Bu olaydan çıkaracakları temel ders, gerçek, objektif, bağımsız, nitelikli uzmanlarla konuşmayan bir siyasi rejimin geleceği öngöremeyeceğidir, çünkü perspektifleri dardır. Dış politikayı doğru yürütebilmek için hangi sorunların ortaya çıkabileceğini tahmin edebilen ve propagandaya değil gerçek bilgilere dayalı sonuçlar çıkarabilen uzmanlara ihtiyacımız var.
Orta Asya'da bilgi makenise devletin elinde- "Wagner" grubu binlerce paralı askerden oluşuyor. Rostov halkının orduyu nasıl karşıladığına bakılırsa, halk arasında Prigozhin'i destekleyenlerin olduğu görülüyor. Askeri darbe yakın olabilir mi? Aynı senaryo tekrarlanırsa Orta Asya ülkeleri nasıl etkilenir?

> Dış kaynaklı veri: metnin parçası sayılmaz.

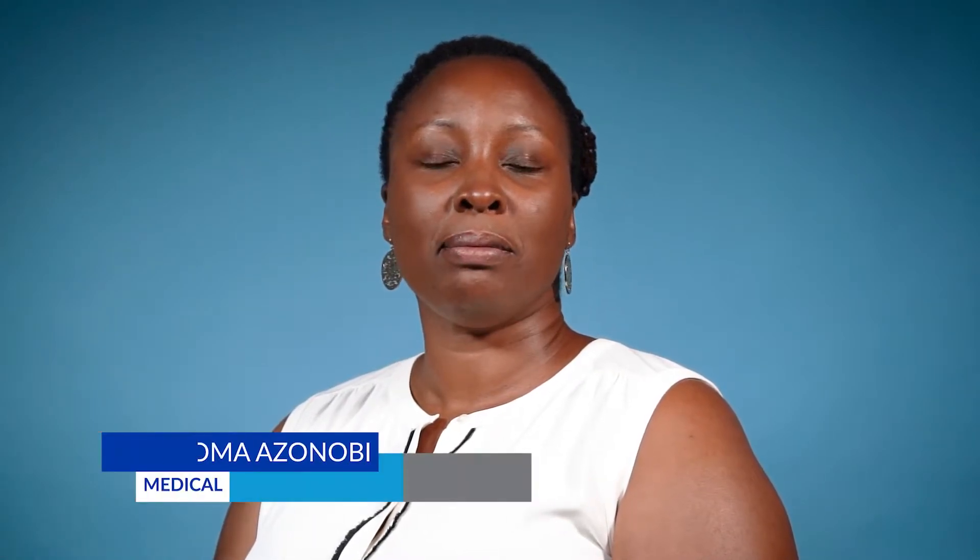Hi, I'm Dr. Azenobi, Medical Director for the Student Health Clinics at Georgia State University. As we prepare to return to our campuses this fall, I want to share some information about how to keep yourself and others healthy and well.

- Herşey mümkün. Orta Asya ülkeleri de dahil olmak üzere herhangi bir otoriter devlet istikrarlı kabul edilir. Tehlikeli bir şey yok, ara sıra protestolar oluyor ama bunlar hızla bastırılıyor. Bilgi makinesi devletin elinde, ülkede olup bitenler gazetelerde, televizyonlarda çıkmıyor. Güç tehdit edilirse, devlet güç kullanır. Ekonomi de tamamen kontrol altında. "İş seçkinleri" yetkililere sadıktır. Her şey yolunda ve kararlı görünüyor. Toplum başka bir yol görmüyor gibi görünüyor.

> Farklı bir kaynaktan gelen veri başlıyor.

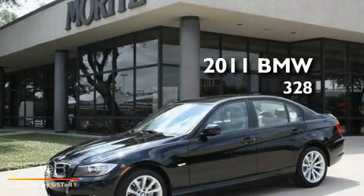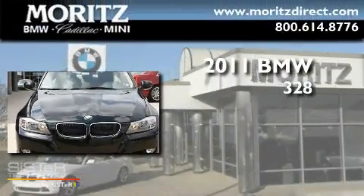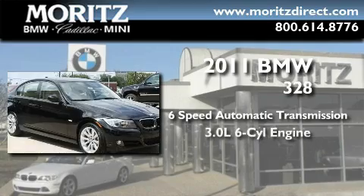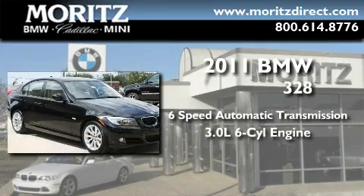This is a brand new 2011 BMW 328. This car has a 6-speed automatic transmission and a 3.0-liter inline 6-cylinder engine.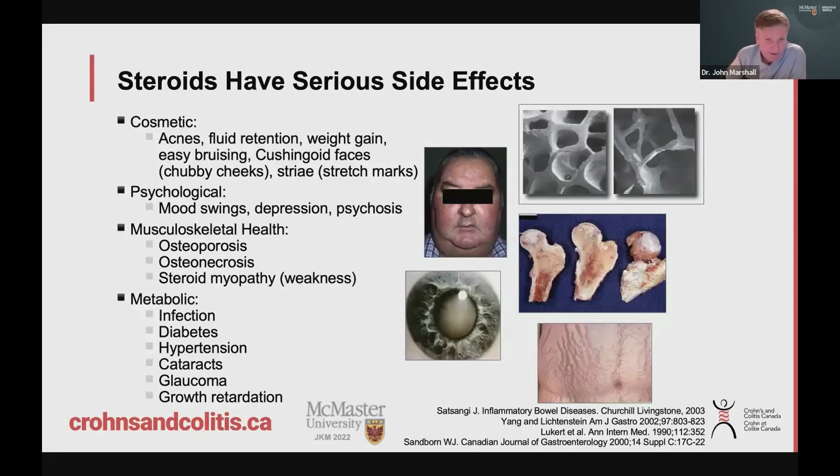And then a whole bunch of other things too. They do increase the risk of infection. Over time they can increase the risk of diabetes, high blood pressure, cataracts, and glaucoma. And in kids, steroids can limit growth. So our pediatric colleagues treating Crohn's and colitis in kids really do their best to avoid significant steroid exposure so it doesn't interfere with growth.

Ama [24 Haziran'da] Rostov ve Voronezh sakinlerinin Wagner grubunu nasıl memnuniyetle karşıladıklarına, onları kahramanlar gibi selamladıklarına ve çocuklarıyla tankların yanında fotoğraf çektiklerine hepimiz tanık olduk.
'B planından eser kalmadı, artık sadece kendimize güvenmeliyiz'Orta Asya ülkelerinin liderleri, Sovyetler Birliği'nin dağılmasından sonra iktidara geldiler ve Rusya ile yakın ekonomik ve siyasi ilişkiler sürdürdüler. Bölge devletleri Rusya'nın istikrarlı bir ülke olduğunu ve ona güvenebileceklerini düşünüyorlardı. Rusya tek kişinin yönetimine dayalı otoriter bir devlet olduğu için tüm gücü ellerinde toplayanlarla anlaşmak gerekiyor. İnsanlar değiştiğinde, kişilerarası ilişkilere dayalı ilişkiler de parçalanır. Bu tehlikeli.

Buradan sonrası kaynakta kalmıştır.